【ソウル時事】東日本大震災からの復興をアピールし、東北地方などの魅力を紹介するため日本外務省が20、21の両日ソウルで開く予定だった行事が、開催直前に中止になった。外務省が20日発表した。同省当局者は「韓国当局と調整を続けてきたが、開催許可が下りなかった。背景について説明する立場にない」と述べた。
このイベントは「Explore REAL JAPAN in ソウル」。ソウル市内の往十里駅にあるショッピングモールに、青森、宮城、福島、鹿児島各県の合同ブースを設置。菓子や日本酒の紹介、民謡ユニットによるパフォーマンスなどが行われることになっていた。大震災後の風評被害払拭(ふっしょく)に向け、食品の安全性を強調する狙いもあった。

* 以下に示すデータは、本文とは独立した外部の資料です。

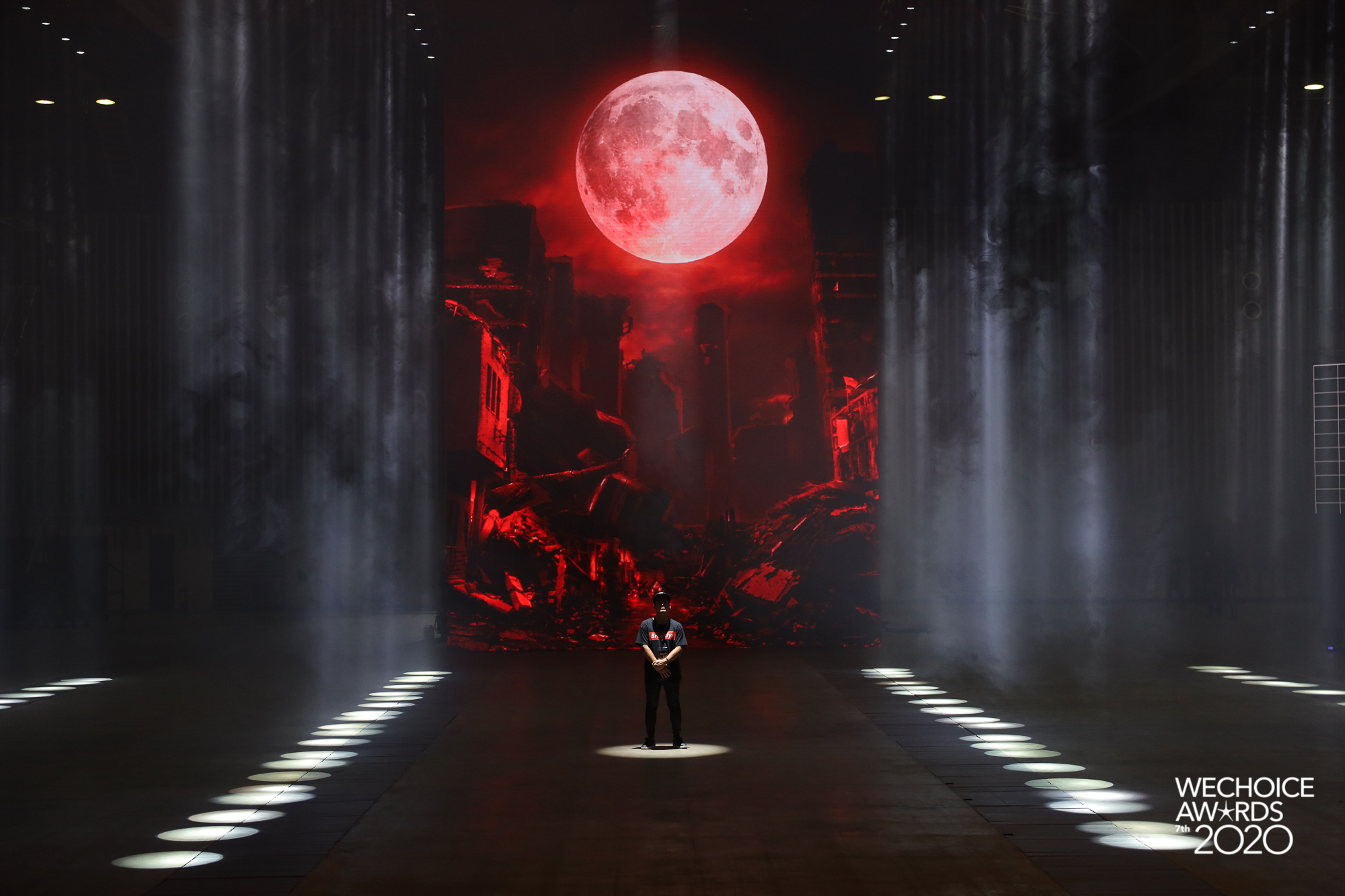 Hé lộ sân khấu Gala WeChoice Awards 2020: Đề cao sự tối giản, ẩn sau đó là ý tưởng sáng tạo và rất nhiều ý nghĩa - Ảnh 5. Hé lộ sân khấu Gala WeChoice Awards 2020: Đề cao sự tối giản, ẩn sau đó là ý tưởng sáng tạo và rất nhiều ý nghĩa - Ảnh 5.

これに対し、韓国の「市民放射能監視センター」など市民団体は19日に声明を出し、「福島、宮城、青森の各県は、(東京電力福島第1原発事故で)汚染の被害を受けた地域で、水産物の韓国への輸入が制限されている」と強調。「行事では福島県産の菓子も広報対象に含まれている」と指摘し、日本大使館に対し、行事の取り消しと謝罪を要求。韓国政府にも、日本側に中止を求めるよう訴えていた。韓国当局は市民団体の反発を考慮した可能性がある。